| Estimates of the cost of the Iraq war continue to escalate to levels well beyond what its optimistic architects once promised. Most notable, perhaps, has been the estimate of Columbia University’s Joseph Stiglitz, who, in a January 2006 paper with Harvard’s Linda Bilmes, put the full cost at around $2 trillion. By the end of the year, the two had grown even more pessimistic:
The $2 trillion number – the sum of the current and future budgetary costs along with the economic impact of lives lost, jobs interrupted and oil prices driven higher by political uncertainty in the Middle East – now seems low. Assessing the full costs of war, direct and indirect, as opposed to the immediate and obvious ones, is a crucial task for those who favor nonintervention. But at least as important is assessing the costs of the warfare state itself, whether or not it is currently engaged in actual fighting. The public is inclined to think of the costs of the military establishment in terms of the annual defense budget. The true costs, however, are much greater, although usually hidden.
Robert Higgs has made the important point that the true cost of defense extends well beyond the official Pentagon budget.
Expenditures for “homeland security” surely belong in any reckoning of defense spending.

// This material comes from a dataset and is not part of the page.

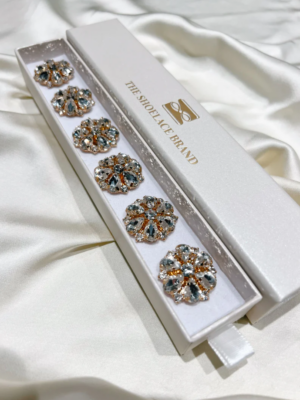 Knappsmycke - Signe - White Flower Button Charm Gold - 6 Pack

Additional programs involved in defense are spread throughout the budgets of various other Cabinet departments. Then there is the supplemental spending earmarked for present military adventures (not part of the defense budget, contrary to popular impression), in this case Afghanistan and Iraq, as well as the portion of the federal government’s net interest payments that is attributable to deficit-financed defense spending in the past. Higgs concludes that the real defense budget is probably about twice as large as the sum officially allocated to the Department of Defense.

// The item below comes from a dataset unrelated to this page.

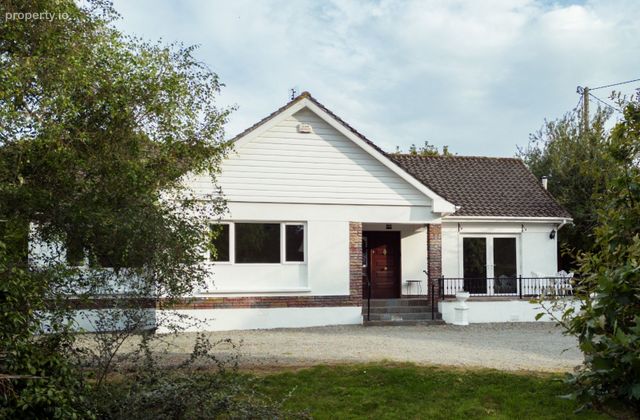 Glenview, Baltimore Road, Skibbereen, Co. Cork - Click to view photos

There are a great many other costs to the warfare state as well, albeit ones less easily quantified. For one thing, between one-third and two-thirds of all U.S. research talent has been siphoned off into the military sector over the past several decades. Human limitations being what they are, there exists a fixed amount of such talent; and government diversion of that talent – through high, tax-funded salaries with which the private sector has repeatedly expressed its inability to compete – necessarily leaves fewer people available for research and development work in the private sector. Military research thereby crowds out commercial research aimed at improving people’s standard of living. It is hard to quantify this effect, of course, and being unseen it is typically overlooked, since we can never know exactly what innovations never appeared as a result of the diversion of resources and brainpower into the service of the military. This is one of many opportunity costs associated with the military establishment.